TASK DIRECTIONS: Everything in the listing that follows should be reproduced exactly except the pictures.

GIVEN INFORMATION:
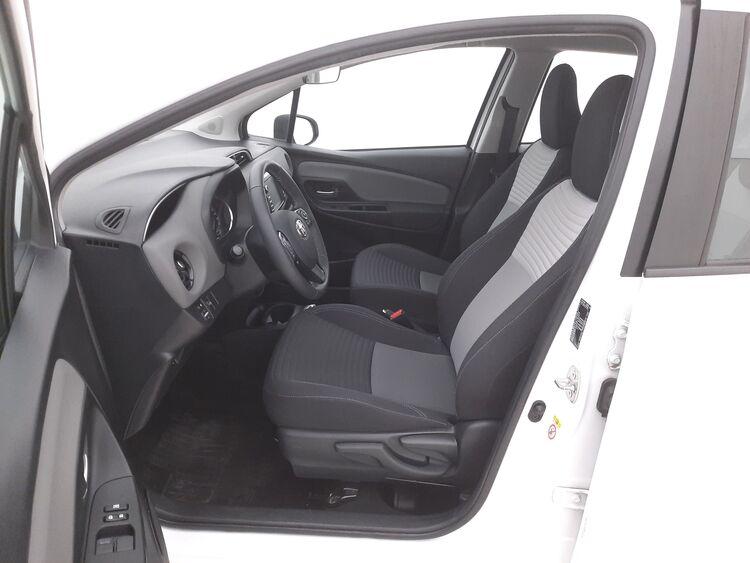 Toyota Yaris Hybrid Business BR090946 1.5 Full Hybrid 101CV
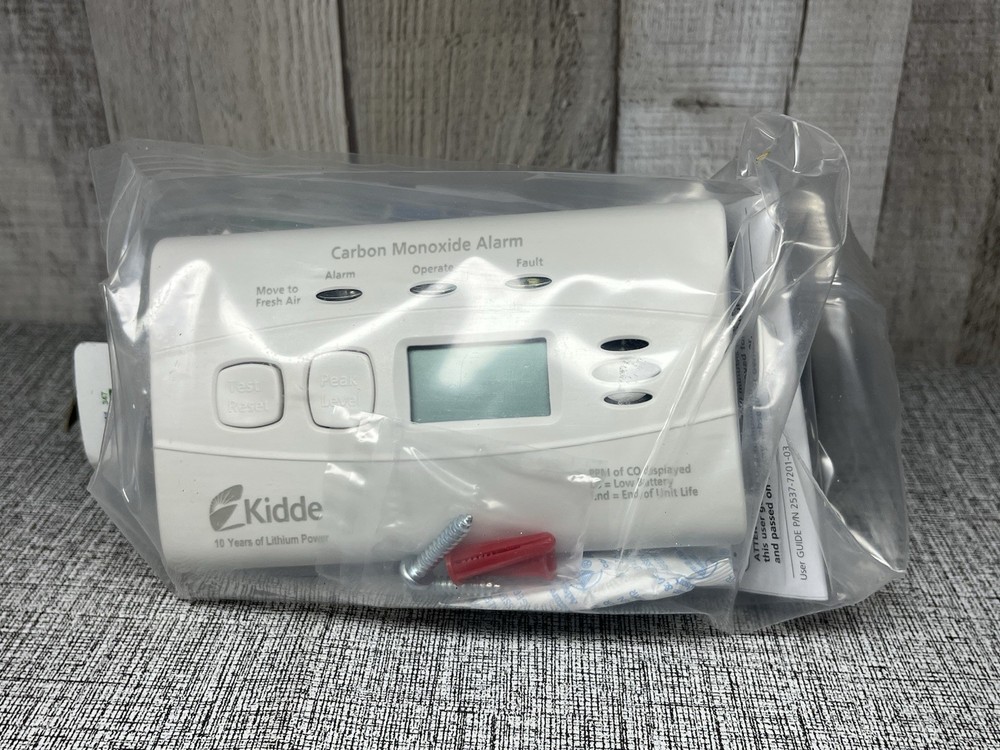 Kidde Carbon Monoxide Alarm Digital Display Model C3010-D Open Box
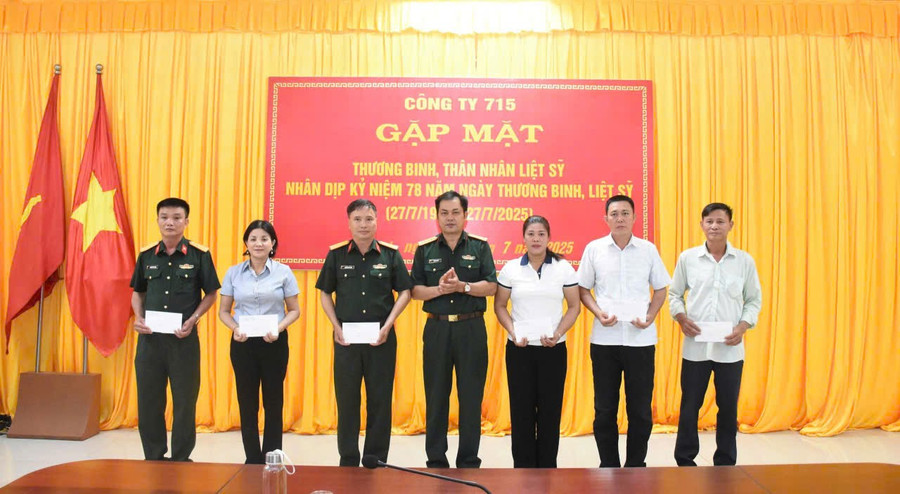 Công ty 715 tổ chức gặp mặt thân mật với các thương binh, thân nhân liệt sĩ đang công tác tại đơn vị. Ảnh: Nguyễn Công gen-n-z6842439016571-41ad86ec30a68bdd0f66e310fd8bf9b3.jpg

SOLVED PROBLEM:
 Toyota Yaris Hybrid Business BR090946 1.5 Full Hybrid 101CV
 Kidde Carbon Monoxide Alarm Digital Display Model C3010-D Open Box
 Công ty 715 tổ chức gặp mặt thân mật với các thương binh, thân nhân liệt sĩ đang công tác tại đơn vị. Ảnh: Nguyễn Công gen-n-z6842439016571-41ad86ec30a68bdd0f66e310fd8bf9b3.jpg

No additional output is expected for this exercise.